- Pitcher
- Born: February 19, 1929 Redkey, Indiana, U.S.
- Died: August 28, 2005 (aged 76) Hicksville, Ohio, U.S.
- Batted: RightThrew: Right

Teams
- Chicago Colleens (1949); Racine Belles (1950); Battle Creek Belles (1951); Peoria Redwings (1951);

Career highlights and awards
- Women in Baseball – AAGPBL Permanent Display at Baseball Hall of Fame and Museum (1988);

= Beverly Hatzell =

American baseball player

Beverly Hatzell (later Volkert; February 19, 1929 – August 28, 2005) was an American pitcher for the All-American Girls Professional Baseball League between 1949 and 1951. She both batted and threw right-handed.
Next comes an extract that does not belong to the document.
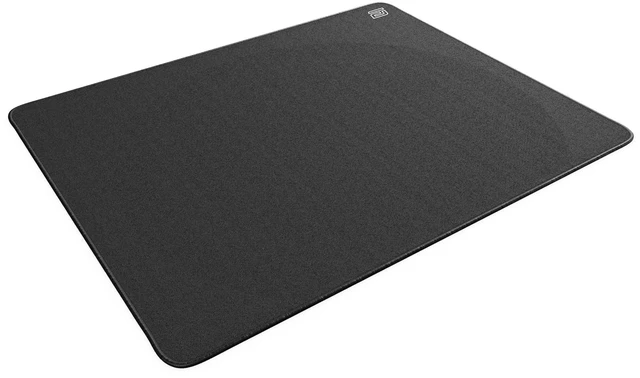 Main image of EM-B Gaming Mouse Pad - 490x410mm, 3mm Thick PORON Base, Sub-Surface Stitching, Eco-Friendly Packaging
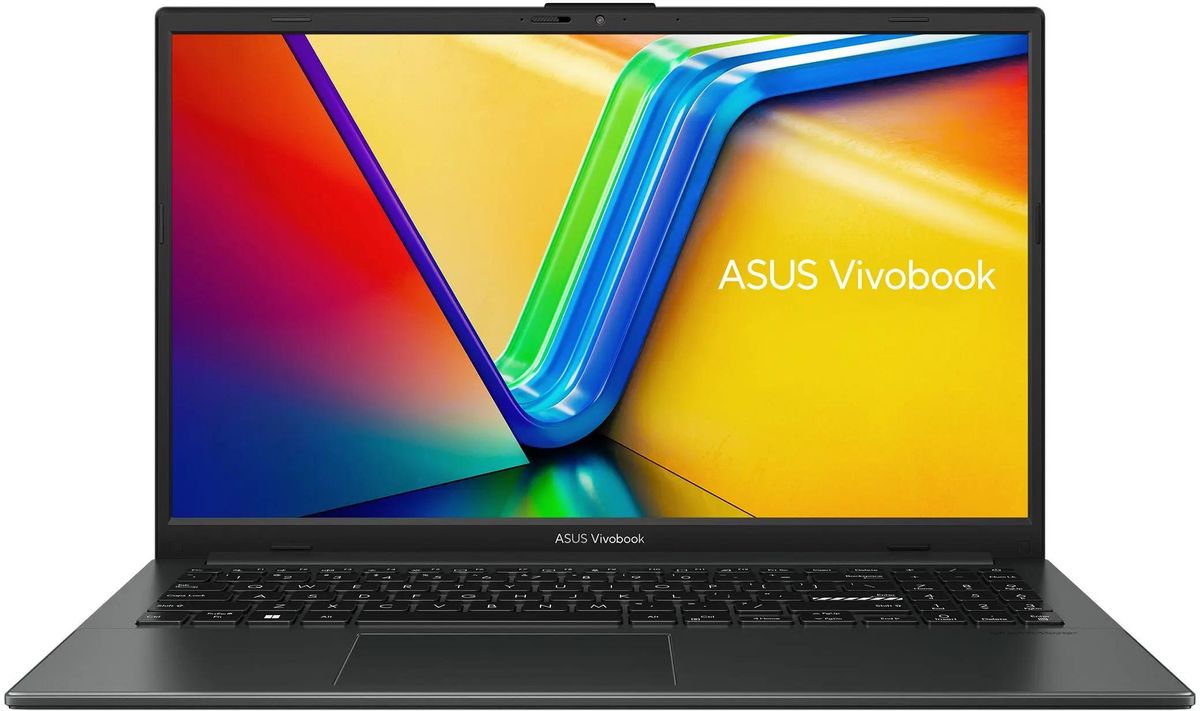 Ноутбук ASUS VivoBook Go 15 E1504FA-BQ522 (90NB0ZR2-M036D0) 1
Born in Redkey, Indiana, Beverly was the second of five children born to Gerald and Velma Hatzell. She played for four teams of the All-American Girls Professional Baseball League: the Battle Creek Belles, the Chicago Colleens, Peoria Redwings and the Racine Belles.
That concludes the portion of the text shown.